“God of mercy forbid!” cried the Hermit, and with such a vehemence that I was startled from the design of revealing myself, which I was on the point of executing. “I would rather that these walls would crush me into dust, or that this solid stone would crumble beneath my feet,—ay, even into a bottomless pit, than meet the glance of Morton Devereux!”
“Is it even so?” said I, stooping over the wine-cup; “ye have been foes then, I suspect. Well, it matters not: tell me your errand, and it shall be done.”
“Done!” cried the Hermit, and a new and certainly a most natural suspicion darted within him, “done! and—fool that I am!—who or what are you that I should believe you take so keen an interest in the wishes of a man utterly unknown to you? I tell you that my wish is that you should cross seas and traverse lands until you find the man I have named to you. Will a stranger do this, and without hire? No—no—I was a fool, and will trust the monks, and give gold, and then my errand will be sped.”

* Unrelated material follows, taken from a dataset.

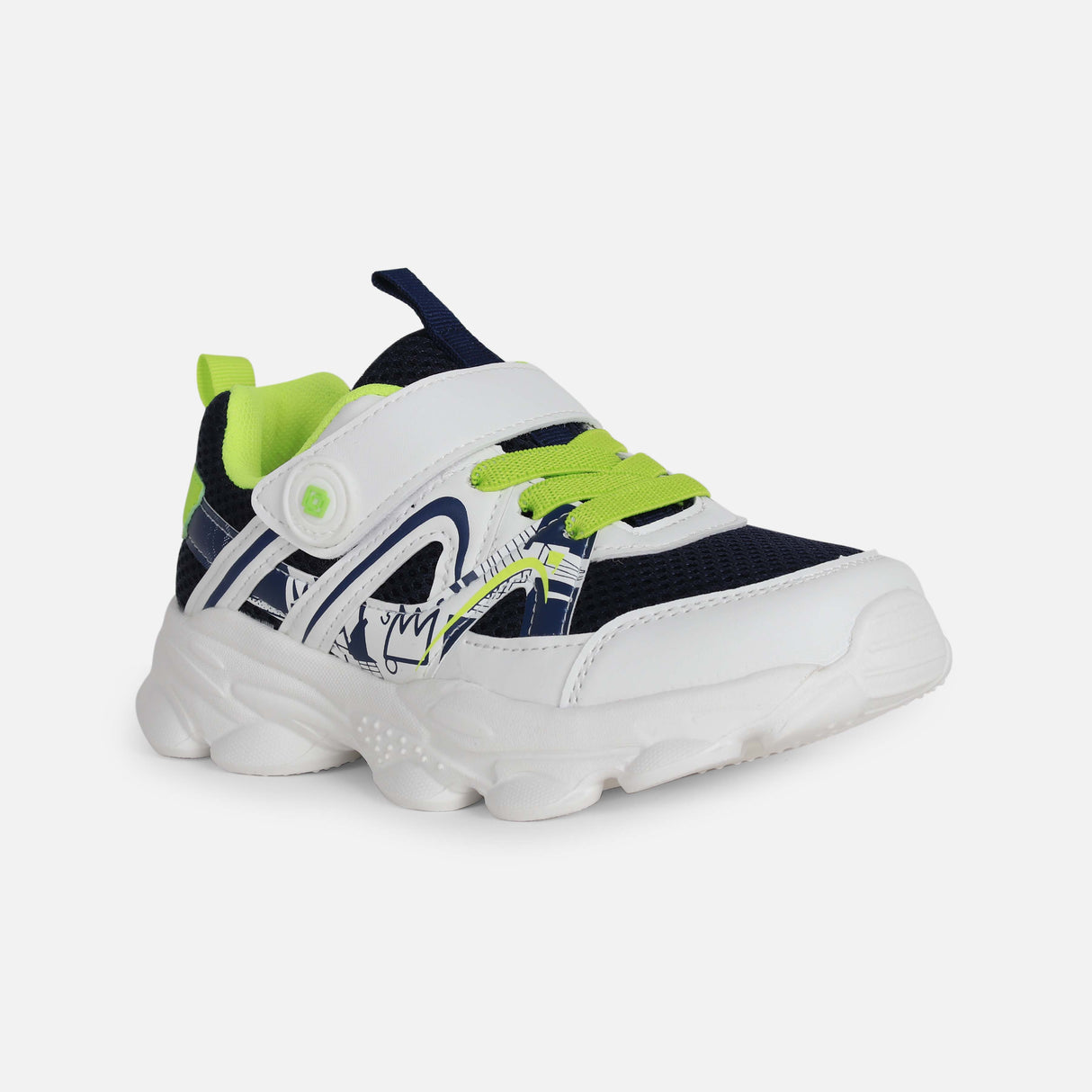 BOYS SPORTS VELCRO SHOES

“Father, or rather brother,” said I, with a slow and firm voice, “for you are of mine own age, and you have the passion and the infirmity which make brethren of all mankind, I am one to whom all places are alike: it matters not whether I visit a northern or a southern clime; I have wealth, which is sufficient to smooth toil; I have leisure, which makes occupation an enjoyment. More than this, I am one who in his gayest and wildest moments has ever loved mankind, and would have renounced at any time his own pleasure for the advantage of another. But at this time, above all others, I am most disposed to forget myself, and there is a passion in your words which leads me to hope that it may be a great benefit which I can confer upon you.”

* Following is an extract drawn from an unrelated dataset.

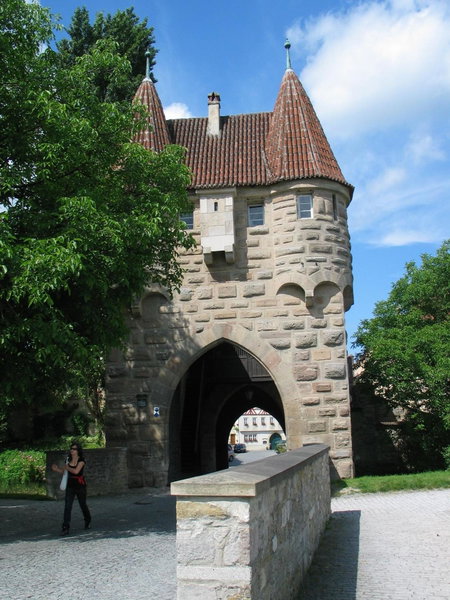 Gästehaus Weigand, Iphofen, Germany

“You speak well,” said the Hermit, musingly, “and I may trust you; I will consider yet a little longer, and to-morrow at this hour you shall have my final answer. If you execute the charge I entrust to you, may the blessing of a dying and most wretched man cleave to you forever! But hush; the clock strikes: it is my hour of prayer.”
And, pointing to a huge black clock that hung opposite the door, and indicated the hour of nine (according to our English mode of numbering the hours), the Hermit fell on his knees, and, clasping his hands tightly, bent his face over them in the attitude of humiliation and devotion. I followed his example. After a few minutes he rose: “Once in every three hours,” said he, with a ghastly expression, “for the last twelve years have I bowed my soul in anguish before God, and risen to feel that it was in vain: I am cursed without and within!”

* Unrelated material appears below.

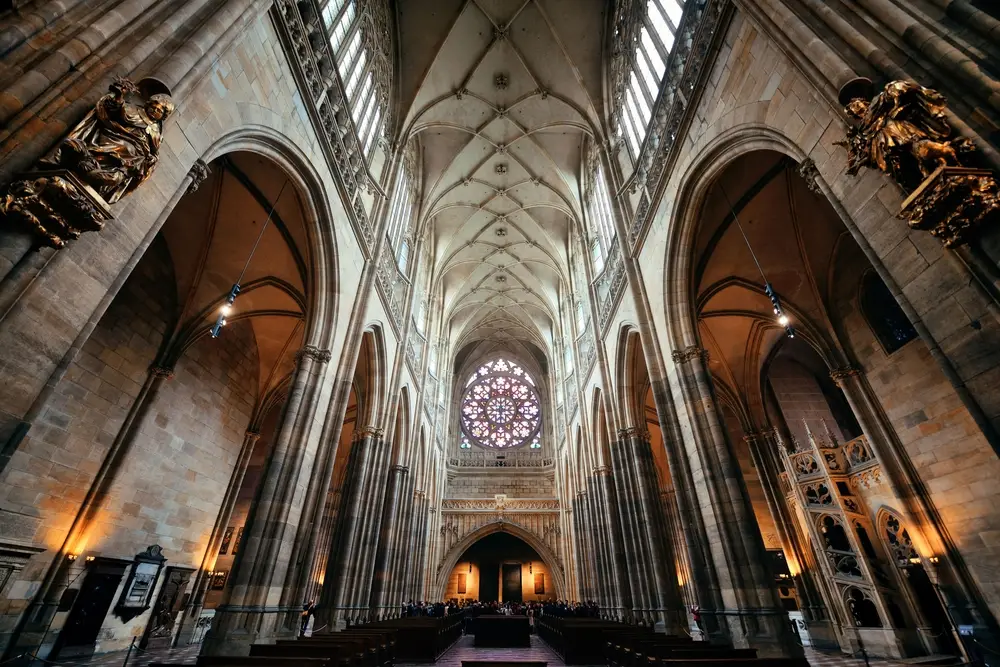 Cattedrale Di San Vito Praga (4)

“My Father, my Father, is this your faith in the mercies of the Redeemer who died for man?”
“Talk not to me of faith!” cried the Hermit, wildly. “Ye laymen and worldlings know nothing of its mysteries and its powers. But begone! the dread hour is upon me, when my tongue is loosed and my brain darkened, and I know not my words and shudder at my own thoughts. Begone! no human being shall witness those moments: they are only for Heaven and my own soul.”
So saying, this unhappy and strange being seized me by the arm and dragged me towards the passage we had entered. I was in doubt whether to yield to or contend with him; but there was a glare in his eye and a flush upon his brow, which, while it betrayed the dreadful disease of his mind, made me fear that resistance to his wishes might operate dangerously upon a frame so feeble and reduced. I therefore mechanically obeyed him. He opened again the entrance to his rugged home, and the moonlight streamed wanly over his dark robes and spectral figure.
“Go,” said he, more mildly than before, “go, and forgive the vehemence of one whose mind and heart alike are broken within him. Go, but return to-morrow at sunset. Your air disposes me to trust you.”